Apple A19 Pro's single-core benchmarks beat the Snapdragon 8 Elite and Ryzen 9 9950X

I would say most workloads are short and bursty and lightly threaded. If you want numbers for a specific task rather than basic compute there are benchmarks for that.
Video manipulation, batch photo editing, playing a game, installing an application are long running tasks on a phone.
So this test is modeling very short workloads for which you can get by with most CPUs available today, but it still looks shady because:
- it has a very small memory footprint;
- it does not look to be affected by tasks running at the same time
- for multicore tests it does not load all the cores or it is too short to register
 
Video manipulation, batch photo editing, playing a game, installing an application are long running tasks on a phone.
So this test is modeling very short workloads for which you can get by with most CPUs available today, but it still looks shady because:
- it has a very small memory footprint;
- it does not look to be affected by tasks running at the same time
- for multicore tests it does not load all the cores or it is too short to register
What’s your point?
 
You guessed right. Cinebench is total trash. Developers said they don't support AVX512 because it causes CPU to lower clock speeds so much it yields lower performance.

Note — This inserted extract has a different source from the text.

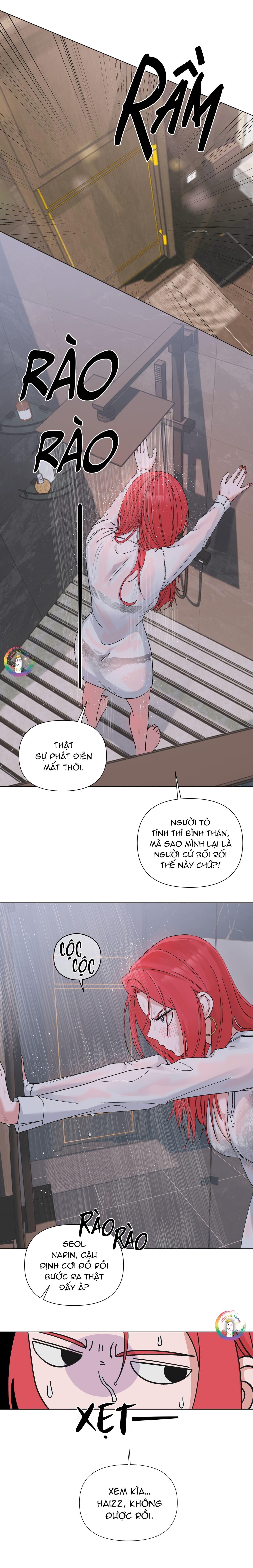 Đọc truyện Tuyển Tập GL Ngắn 18+ - Chapter 19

Like we definitely can see for example here https://www.phoronix.com/review/amd-zen5-avx-512-9950x
You’ve literally linked an article showing that the performance is 1.5x better using 512, clock speed isn’t everything even though your source noticed no noticeable change in frequency.

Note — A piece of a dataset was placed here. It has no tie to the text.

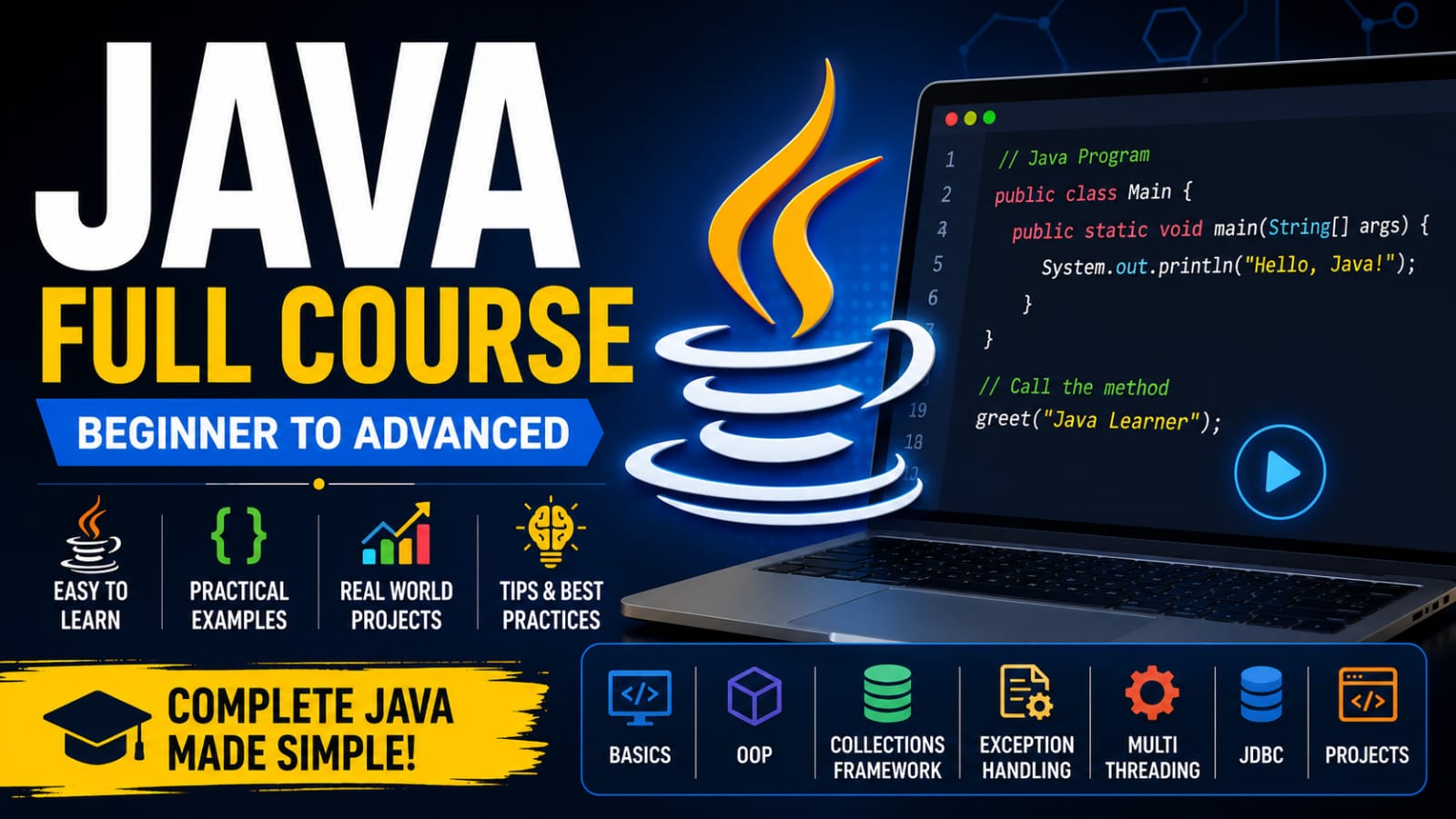 JAVA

geometric-mean-of-all-test-results-result-composite-ar97r99a5c.svgz


There was an issue on CPUs that are older, talking 2019 and earlier but your argument is just incorrect even using your own source
 
You’ve literally linked an article showing that the performance is 1.5x better using 512, clock speed isn’t everything even though your source noticed no noticeable change in frequency.

geometric-mean-of-all-test-results-result-composite-ar97r99a5c.svgz


There was an issue on CPUs that are older, talking 2019 and earlier but your argument is just incorrect even using your own source
Yep, Cinebench developers say they don't use AVX-512 because it lowers clock speeds and therefore lower performance.

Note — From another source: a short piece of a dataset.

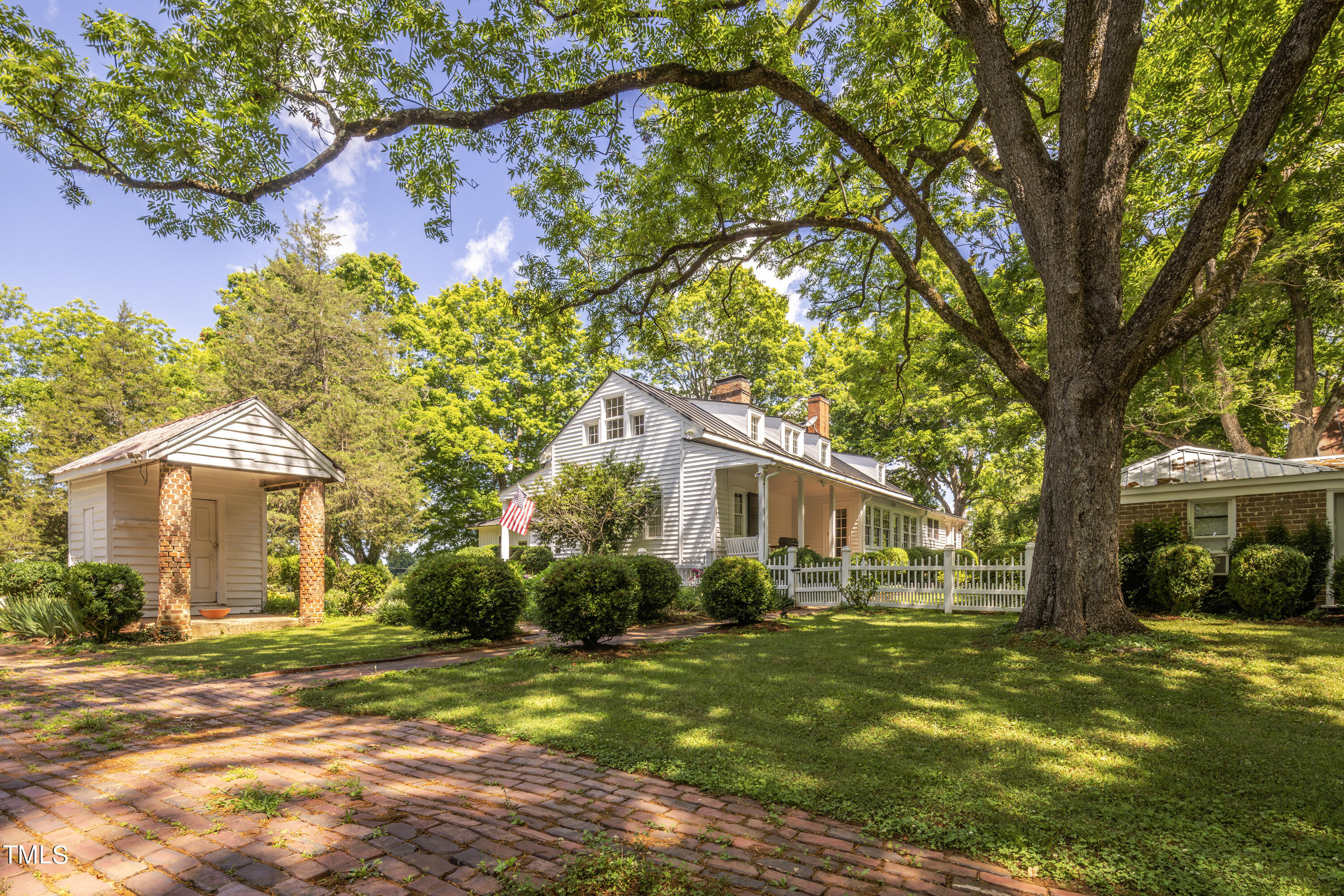 6720 Mebane Oaks Road Property Photo 17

That article does not mention much about clock speeds as neither Ryzen 7000 or Ryzen 9000 series have separate "AVX clocks" (lower clock speeds when using AVX-512). As you can also see, using AVX-512 gives much more performance too.
You guessed right. Cinebench is total trash. Developers said they don't support AVX512 because it causes CPU to lower clock speeds so much it yields lower performance.
Like I said, Cinebench developers are morons.
 
What’s your point?

two points:
1. disproving your affirmation that most tasks are short and bursty by giving examples of longer running tasks in daily usage.
2. pointing that the test does not load the system properly and giving the reasons that led me to that conclusion

geekbench
- does not model real life tasks properly
- it is skewed towards mobile usage patterns
- its score is not a good metric to compare systems that are designed for different use cases

It is like comparing a tractor to a motorbike by measuring top speed and concluding that in general the motorbike is better and more economical.